Tuesday, September 11, 2012

On Line Education and the Academy

I have serious questions as to what this on line "stuff" really is. I had taken the first MIT course and had serious problems, and frankly still do. I am trying the others as well. But here are some of the concerns:

1. What is the objective, why are you doing it? Other than just doing it one must be careful about the classic ambiguity of expectations. You may expect A and the student Z. It results in disaffection. Trust me, it always does. Do the students just want to "learn" and if so what do they expect in obtaining the certificate. Then also how does one know who really took the exams. The certificate may go to someone who never read the book. Then why give  certificate. If it is for self learning then let it be to the self alone.

2. Why are you doing it? Why is an institution doing this? Just to follow others? That is a bad idea. It means that you end up justifying it on the fly. Are you being charitable, nice but with costs rising exponentially then you may be shortchanging the students who pay, or their parents, and the alumni who donate.

3. Equity is at play. The students who pay, get vetted, attend class, and pass are clearly better than the "someone" who gets a certificate.

Now in a NY Times piece on the firing of the President of UVA one reads:

What had the board so worried? In late May, as she prepared to remove Sullivan, Dragas e-mailed a board colleague a link to a Wall Street Journal column, beneath the subject line: “Why we can’t afford to wait.” The article described a joint venture that offers free, open online courses.
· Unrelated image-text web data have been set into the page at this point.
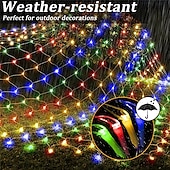 abordables Enchufe eléctrico-Cadena de luces LED de malla atrapasueños de 1,5 x 1,5 x 3 x 2 pulgadas, cielo estrellado, hierba, luz decorativa navideña, luz de ambiente para acampar al aire libre, fiesta navideña, 1 juego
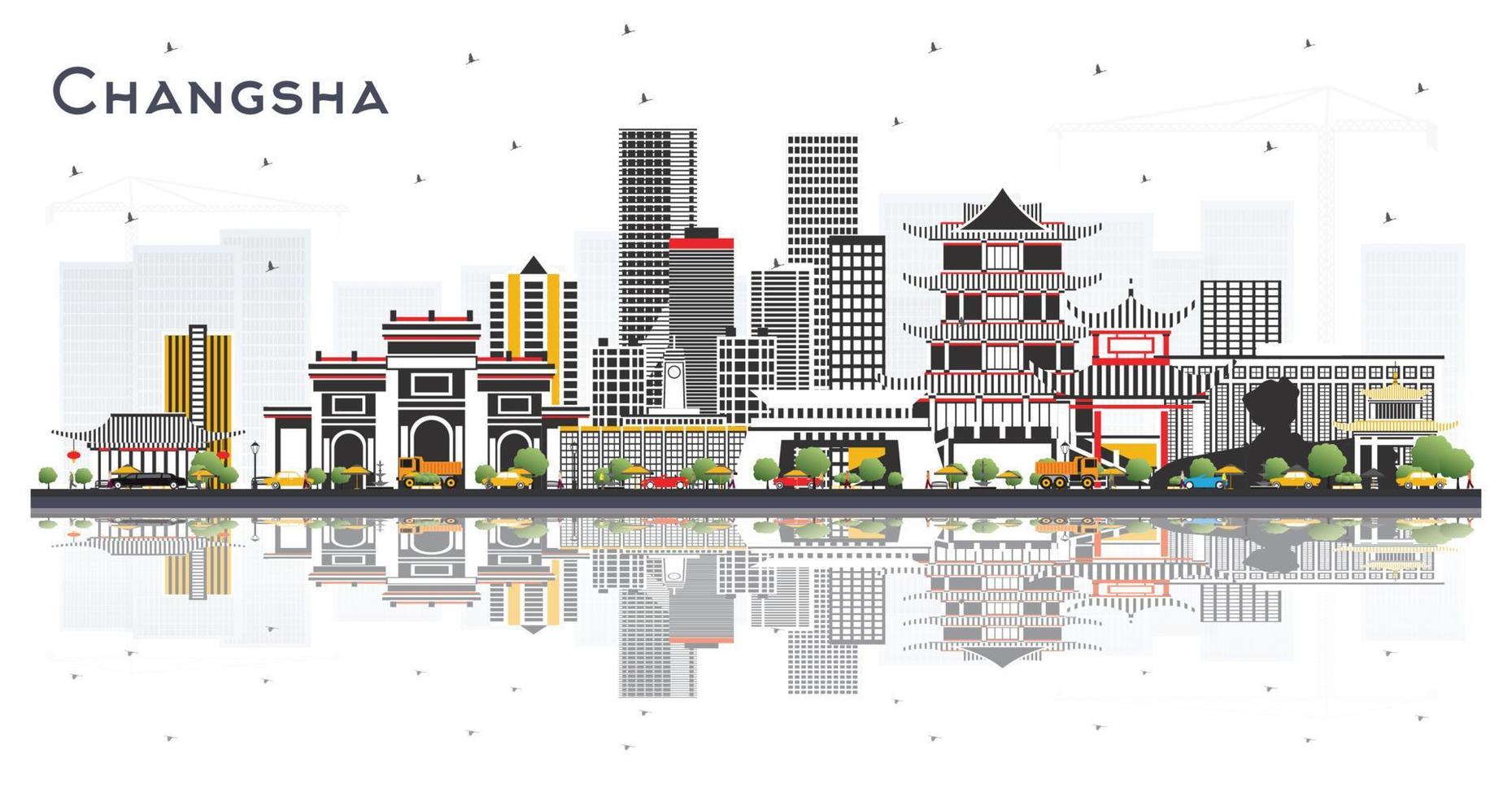 Changsha China stad horizon met grijs gebouwen en reflecties geïsoleerd Aan wit. vector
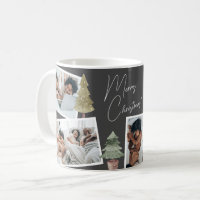 Boho Black Christmas Photo Collage Pine Trees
In the last year, Harvard, Stanford, M.I.T. and other elite schools have moved aggressively into this arena, drawing significant global audiences, if no actual revenue. While many veteran professors roll their eyes at predictions that online learning will transform the structure of universities, to certain segments of the donor community — the Wall Street and Aspen Institute types — higher education looks like another hidebound industry awaiting creative destruction. “If you’re not talking about it,” says Jeffrey Walker, a UVA fund-raiser and a former JPMorgan financier, “what’s wrong with you?” 

Perhaps there  is not only nothing wrong with you but you may be smarter than the rest. After all MIT and Harvard plan to spend $30 million apiece out the gate to start this process. That would be a big chunk of change for UVA with there being no clear reason to do it. Afford to wait ... why not if there are so many empty questions.

There is not a single tangible piece of evidence that this will change the universities. In fact as best I can gather from my MIT colleague many of those who got As were my former students back in the late 60s and early 70s taking the course again as I did. There was no vetting of the students, no idea of their backgrounds, and apparently as best I can gather no post course review of the course takers.

I have had this conversation with many who wanted the same fast movement and after a discussion of the type that any reasonable business person would have they changed their views drastically, and fell into the camp of "why are we doing what?".

Perhaps the same momentum do follow the lemmings was similar to what led to the financial collapse. I always remember my father's comment, prior planning prevents poor performance. So just don't follow the lemmings unless you know why and what the consequences may be. The President was apparently quite prudent.